As is further known, for a communication device to communicate via a DSL based system, the communication device includes a DSL modem. Typically, the location of the communication device with its associated DSL modem is referred to as the customer premises. The DSL modem at the customer premises is typically coupled via a twisted pair to a DSL modem at a central office. FIG. 1 illustrates an example of a DSL modem at the customer premise (CPE) coupled to a DSL modem at the central office (CO). The coupling is achieved via a twisted pair, which supports one DSL channel, and is one of a plurality of twisted pairs in a cable binder, or bundle of wires. In this example, the frequency allocation of the DSL channel is illustrated in FIG. 2.
As shown in FIG. 2, the DSL channel includes 4 frequency bands (band 1 through band 4). Each band may be allocated for upstream transmission (i.e., from the CPE to the CO) or downstream transmission (i.e., from the CO to the CPE). For example, bands 1 and 3 may be used for upstream transmissions while bands 2 and 4 are used for downstream transmissions. The width (i.e., frequency) and height (i.e., power) of each band may vary and are typically defined by one or more standards. For example, various DSL standards prescribe a frequency, or spectral, plan that define the transmit frequencies (i.e., start frequency and width) and associated powers (i.e., height) for each band. This is done primarily to minimize near-end-cross-talk between twisted pairs within a cable binder by having each twisted pair within a cable binder using the same frequency plan.

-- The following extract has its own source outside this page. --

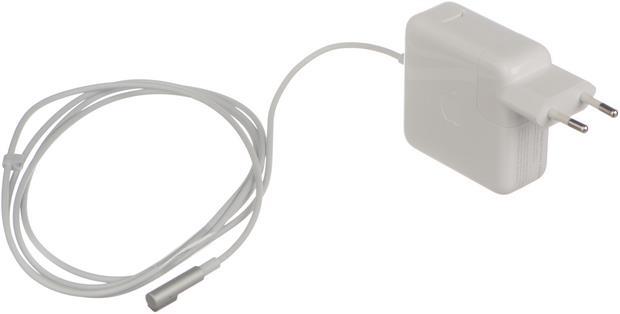 Produktbild Apple DUPLIKAT MagSafe (45 W)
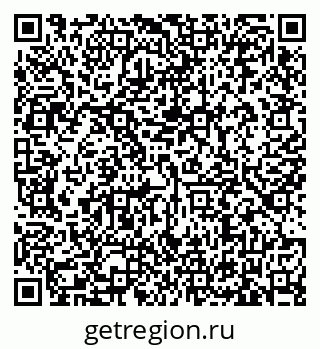 79635521808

To support the DSL channel illustrated in FIG. 2, the CO modem and CPE modem of FIG. 1 each include two transmitters and two receivers. In addition, each modem includes a hybrid, which performs a 2-wire to 4-wire conversion, a summer, and a splitting multiplexer and a reconstruction multiplexer. Accordingly, for the example given where bands 1 and 3 are used for upstream data communications, the 1st transmitter of the CPE modem transmits the data in band 1 and the 2nd transmitter of the CPE modem transmits the data associated with band 3. The transmitters in the CO modem transmit the data in band 2 and data in band 4, respectively. Correspondingly, the receivers in the CPE modem receive the data in band 2 and band 4, respectively. Similarly, the receivers in the CO modem receive the data in band 1 and band 3, respectively. Alternatively, bands 1 and 3 may be used for downstream transmissions and bands 2 and 4 may be used for upstream transmissions.
The splitting multiplexers in the CO modem and CPE modem split the incoming transmit data between the respective transmitters. Conversely, the reconstructing multiplexers, reconstruct the data received from the respective receivers into a serial data stream.
When data can be allocated into all 4 bands, the CPE modem and CO modem are capable of transceiving data at a relatively high bit rate (e.g., greater than 5 Mbps). Typically, the shorter the twisted pair, the less cable loss and the less cross-talk the twisted pair, or loop, exhibits. Conversely, the cable loss and cross-talk increase as the length of the loop increases. When the cable loss and cross-talk increase to significant levels, the upper frequency bands (e.g., band 3 and band 4), become unusable. Thus, CPE modems coupled to the central office via shorter loops typically have higher bit rates than CPE modems coupled to the central office via longer loops. This creates a discontinuity in quality of service since some users have a higher bit rate than others.
Therefore, a need exists for a method and apparatus for a configurable modem that achieves high bit rates in a DSL system regardless of the loop length.